The media release is below.
PUBLIC RELEASE: 19-MAR-2015
Fast-food ban in L.A. fails to improve diets or cut obesity, study finds
RAND CORPORATION
A Los Angeles ordinance designed to curb obesity in low-income areas by restricting the opening of new fast-food restaurants has failed to reduce fast-food consumption or reduce obesity rates in the targeted neighborhoods, according to a new RAND Corporation study.
Since the fast-food restrictions were passed in 2008, overweight and obesity rates in South Los Angeles and other neighborhoods targeted by the law have increased faster than in other parts of the city or other parts of the county, according to findings published online by the journal Social Science & Medicine.
“The South Los Angeles fast food ban may have symbolic value, but it has had no measurable impact in improving diets or reducing obesity,” said Roland Sturm, lead author of the study and a senior economist at RAND, a nonprofit research organization. “This should not come as a surprise: Most food outlets in the area are small food stores or small restaurants with limited seating that are not affected by the policy.”
The policy is a zoning regulation that restricts the opening or expansion of any “stand-alone fast-food restaurant” in Baldwin Hills, Leimert Park, and portions of South Los Angeles and Southeast Los Angeles. The areas subject to the rule have about 700,000 residents. While the rule was not the nation’s first local regulation limiting fast-food outlets, it was the first one presented as a public health measure by advocates.
Sturm and co-author Aiko Hattori of the University of North Carolina, Chapel Hill, examined the fast-food ban by analyzing information from two sources. They tracked the opening of new food outlets across the city by reviewing permits issued by the Los Angeles County Department of Public Health, which licenses and inspects all food outlets.
Information about neighborhood eating habits and weight came from three different waves of the California Health Interview Survey, which polls residents across the state about an array of health issues.

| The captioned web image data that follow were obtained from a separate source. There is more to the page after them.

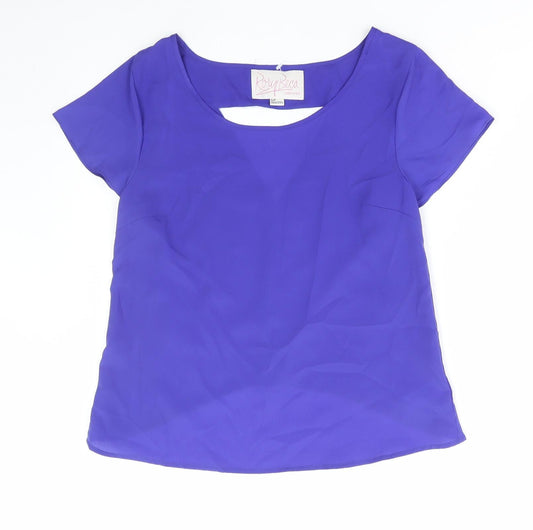 FOREVER 21 Womens Blue Polyester Basic Blouse Size S Boat Neck - Cut out back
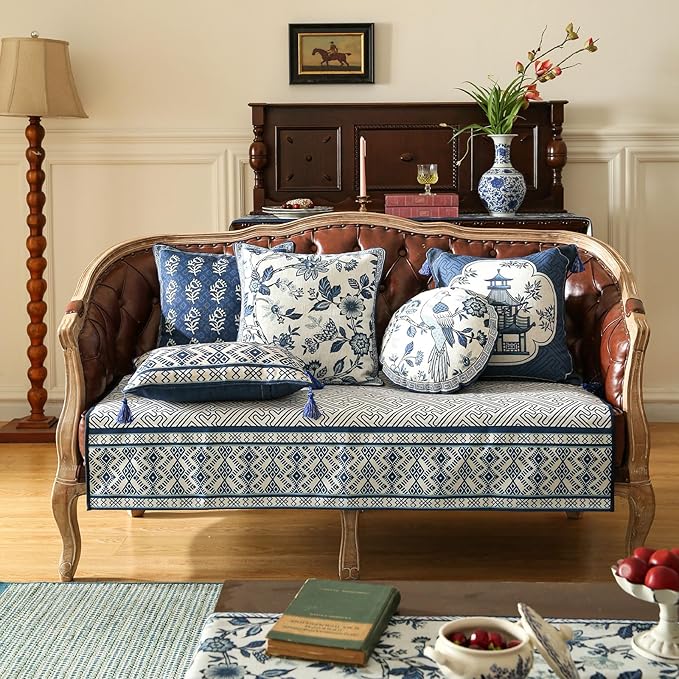 Chinoiserie Throw Pillow Covers, Classic Blue and White - Image 3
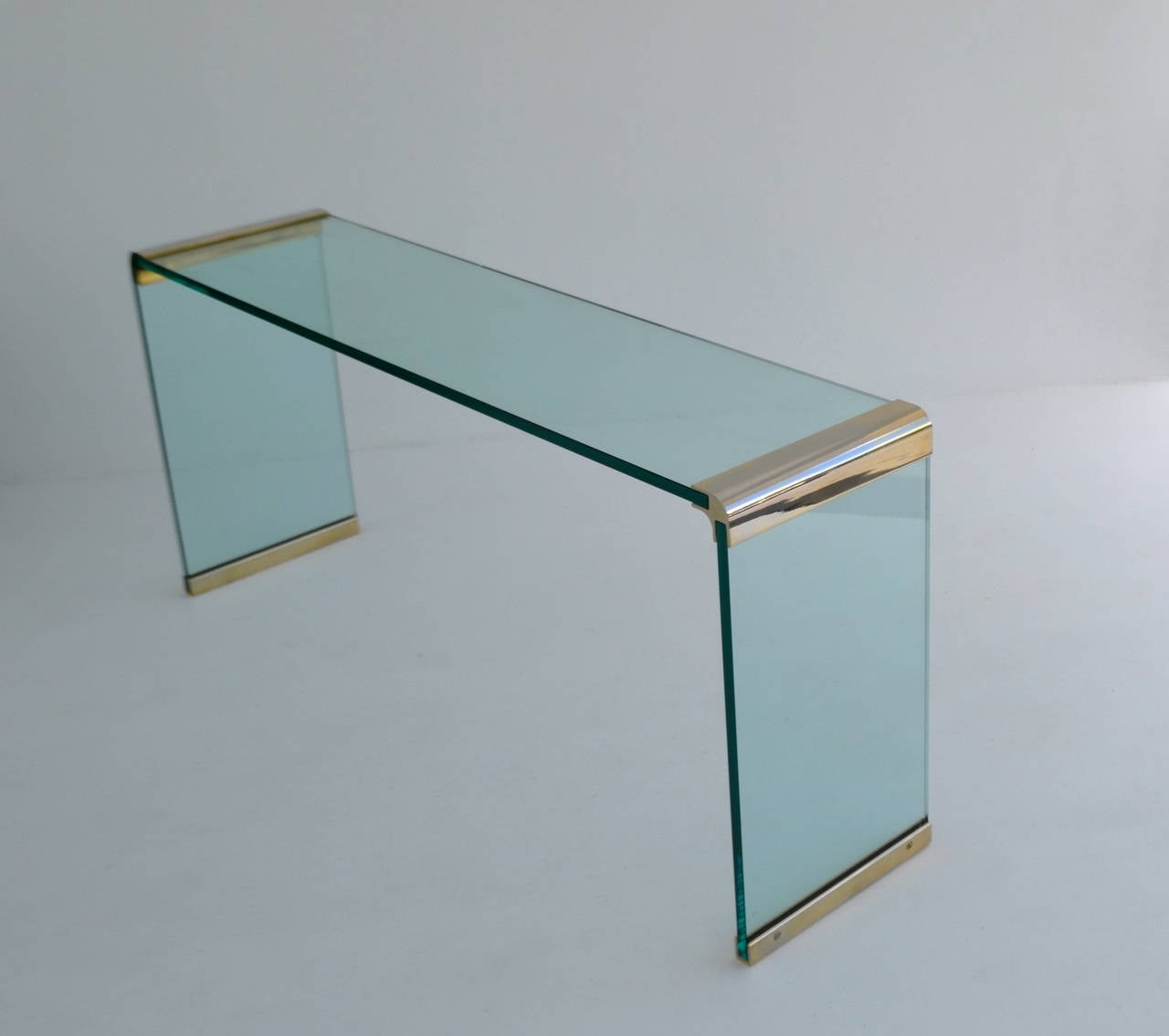 Glass Waterfall Form Console Table or Sofa Table at 1stDibs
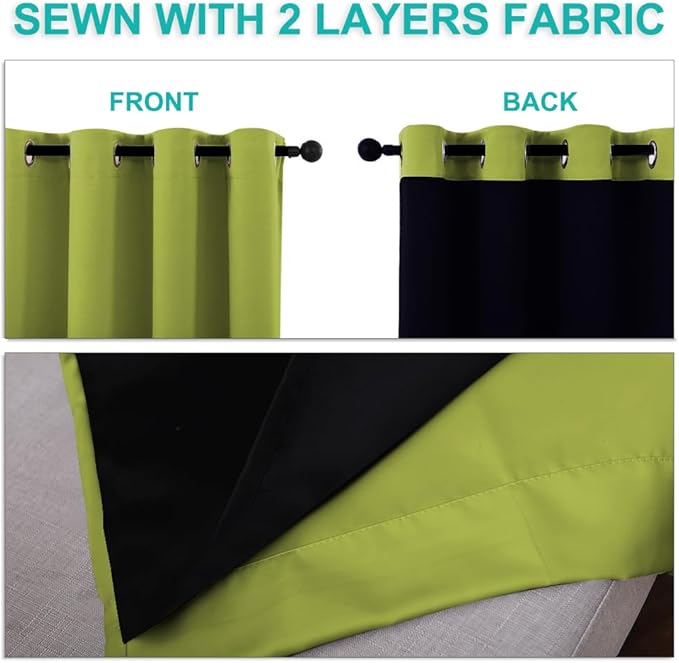 NICETOWN 100% Blackout Window Curtain Panels, Fresh Green, 2 Pieces, 42-inch Wide Per Panel, Full Light Blocking Drapes with Black Liner for Nursery, 72-inch Drop Thermal Insulated Draperies
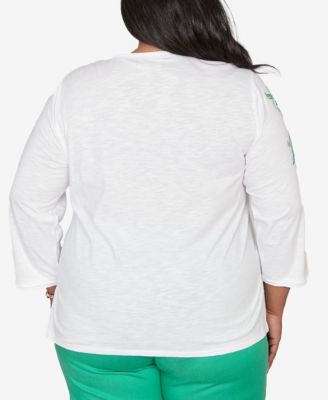 Plus Size Resort Living Tropical Flower Embroidered Top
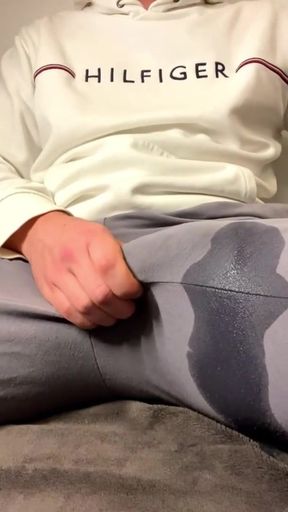 Thrilling moment from &quot;Extremely huge cumshot in pants, loud moaning&quot;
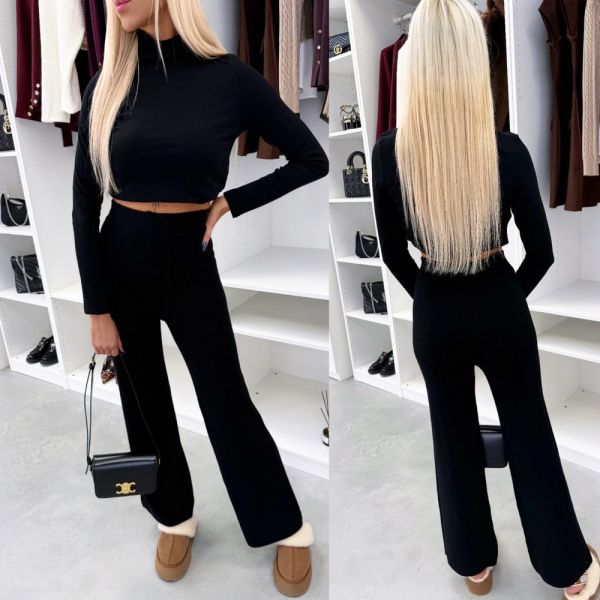 Czarny Miękkie I Elastyczne Spodnie Z Prostą Nogawką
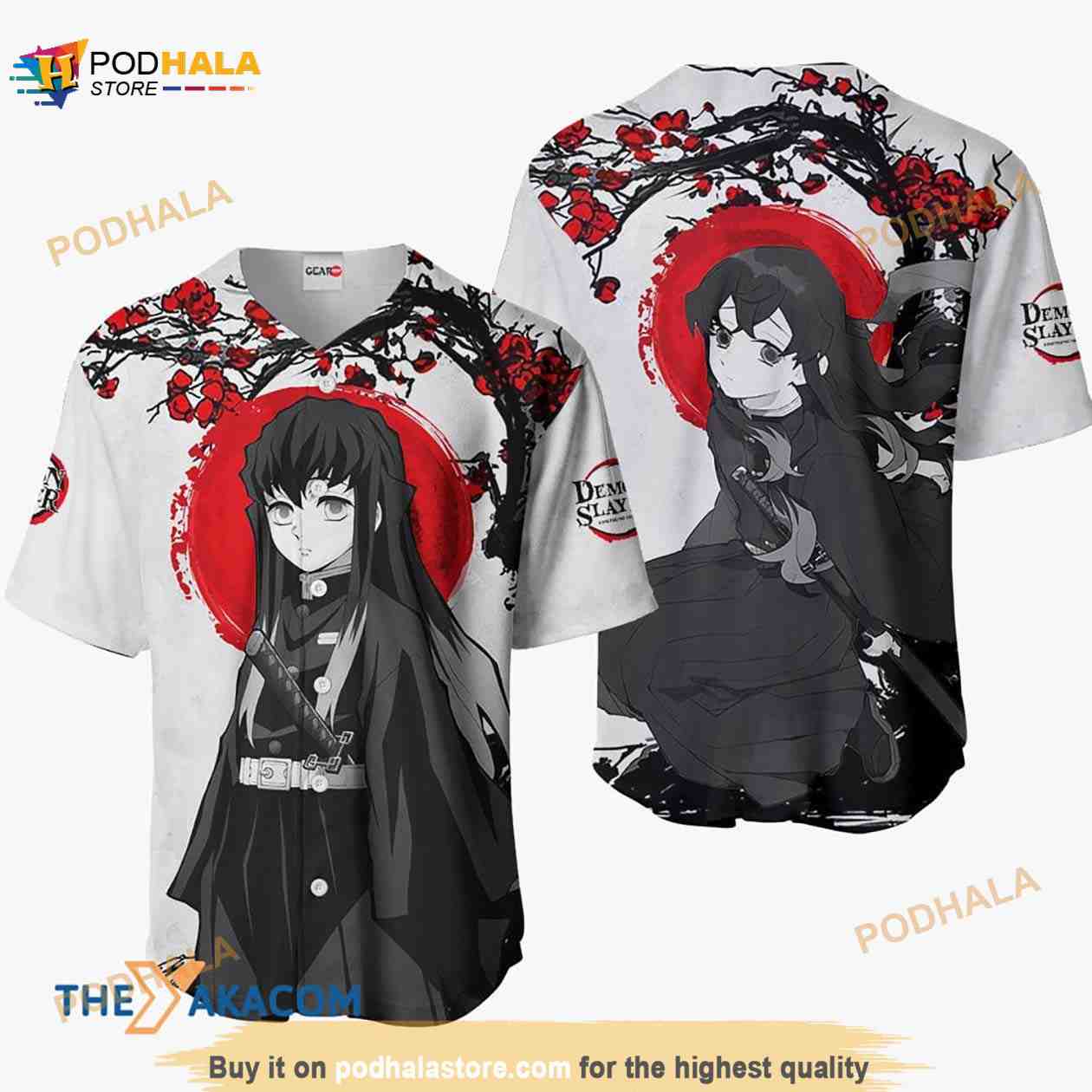 Muichiro Tokito Kimetsu Anime Japan Style 3D Baseball Jersey Shirt baseball jersey product view 1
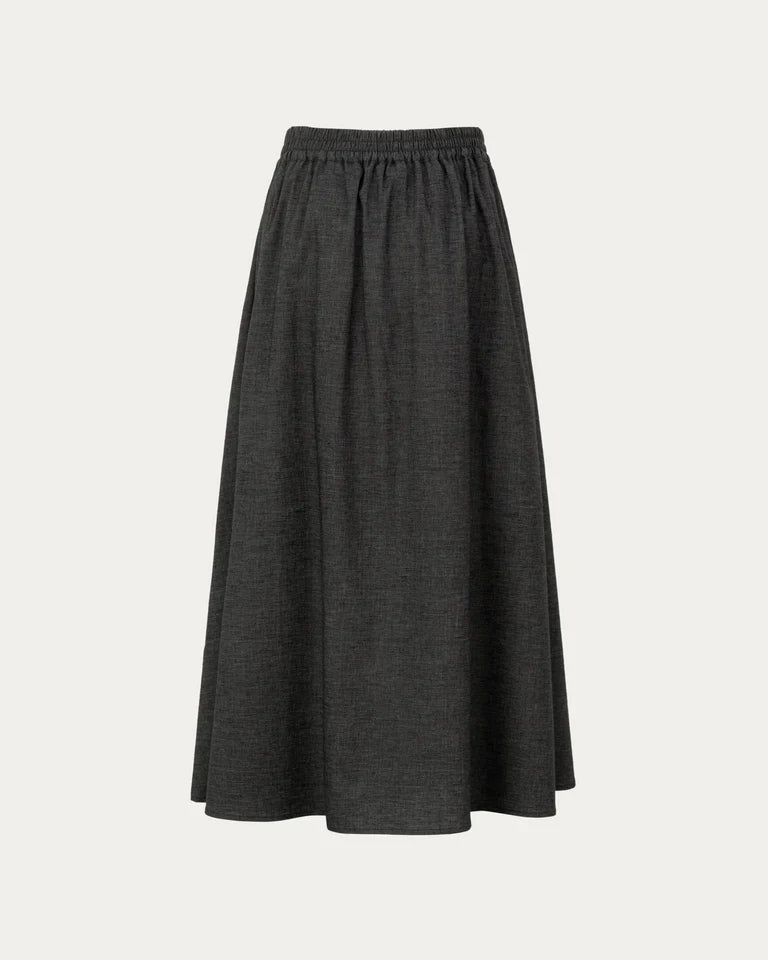 Women’s Elastic Waist Pleated Hemp Blend Flowing Maxi Skirt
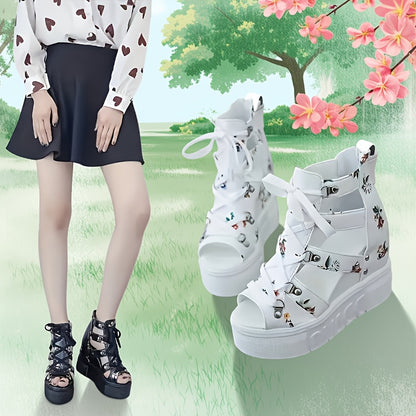 Elegant And Stylish Women'S Sandals with a Thick Sole, Designed for Comfort And Available in Larger Sizes.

Participants from South Los Angeles and other neighborhoods targeted by the ordinance were compared to residents from other parts of Los Angeles.
Examining weight trends across the city, researchers found that both obesity and being overweight increased in all areas from 2007 to 2012, with the increase being significantly greater in areas covered by the fast-food ordinance. In addition, fast-food consumption increased in all areas since the ban was passed, but was statistically similar across all areas.
Before the ban was passed as well as three years later, the average body mass index (a ratio of weight to height) and the proportion of people who were obese or overweight were higher in South Los Angeles than in other areas of the city. That gap continued to widen from 2008 to 2012.
“The one bright spot we found is that soft drink consumption dropped, but the decrease was similar in all areas across Los Angeles,” Hattori said. “Unfortunately, the rates of overweight and obesity increased and they increased fastest in the area subject to the fast-food ban.”
Researchers found that about 10 percent of food outlets in Los Angeles are new since the regulation was approved, but there was no evidence that the composition of those establishments has changed as a result of the ordinance.
New food outlets in South Los Angeles were most likely to be small food stores while new food outlets in other parts of the city were most likely to be larger independent restaurants.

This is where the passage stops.